The annual Reedville Bluefish Derby has added striped bass to its June 8-10 tournament and will offer $2,500 for the largest catch.

Fish also will be taken along the Chesapeake Bay Bridge-Tunnel, Bain said. That has been a fall fishing hot spot. The fall striper dates are Oct. 17-Dec. 31.

``I think the people who know how to catch them at the bridge -tunnel will do well [this spring], but I think the big excitement is going to be up the bay,'' Bain said.

The bay water temperature needs to climb a few degrees before the stripers school well in Virginia water, Pipkin said.

``Right now we are fishing in Maryland, and we are following them down as they come into Virginia,'' he said. ``Later on, through June, they will be schooled very heavily. They will be on what we call the feeding grounds, areas where a lot of baitfish hang out. Those areas are spread along shipping channel edges and will hold fish for a long period of time.''

The schooling fish should average 24 to 26 inches, he said. A 25-inch fish will weigh 6 to 8 pounds.

With the chumming technique comes opportunities for light-tackle and fly fishing.

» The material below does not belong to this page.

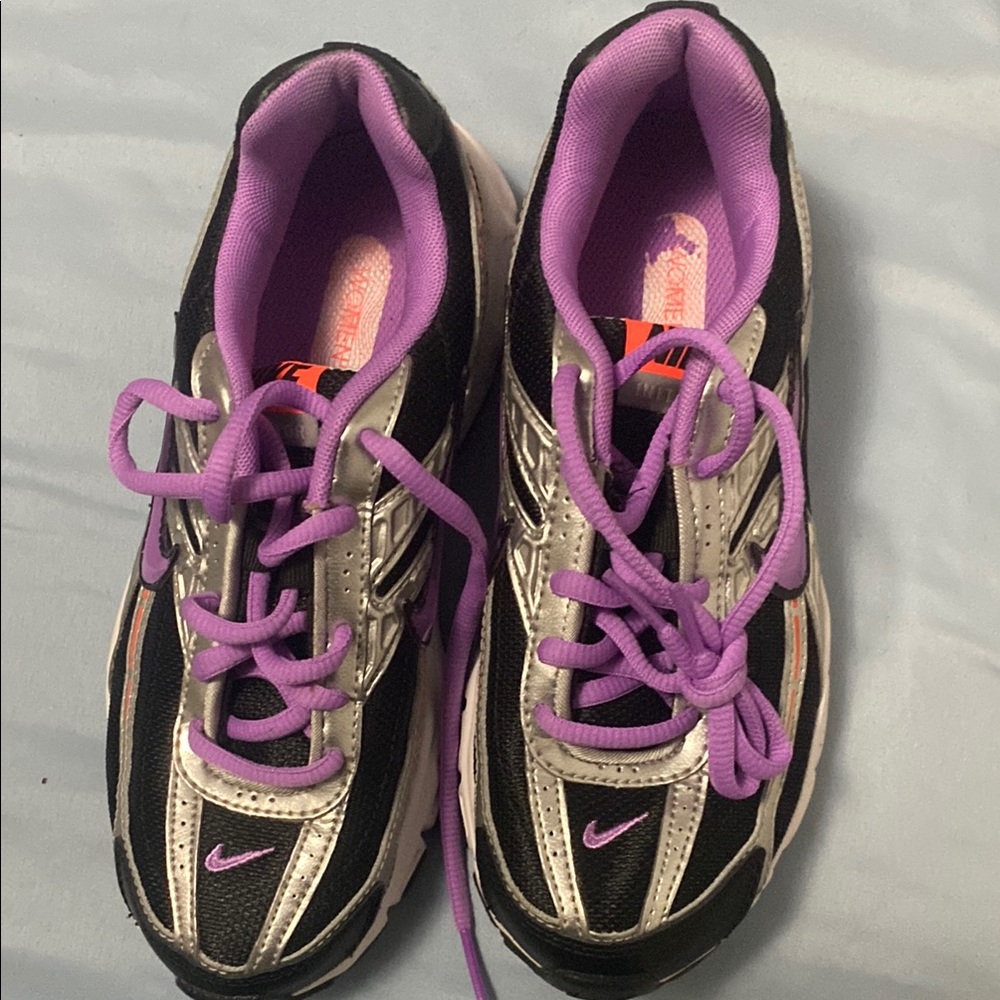 Nike Black and Purple Sneakers with Sporty Design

``I have developed a technique where we get the fish right up next to the boat,'' Pipkin said ``Now we can't do it every day, but when they are schooling we can get them so close up to the boat that you can see them. They will swirl around the chum and also come up to the surface. If you are fly fishing, you can throw your flies right into the middle of it and they will take them and run.''

Pipkin welcomes light-tackle fishing.

``We are cautiously looking at how many fish are taken,'' he said ``We don't want to take more fish now and make more money now at the expense of our fishery in the future.''

Many of the charter boats that once chased bluefish are booking striper trips. Pipkin works out of Ingram Bay Marina in Heathsville (804-580-7292).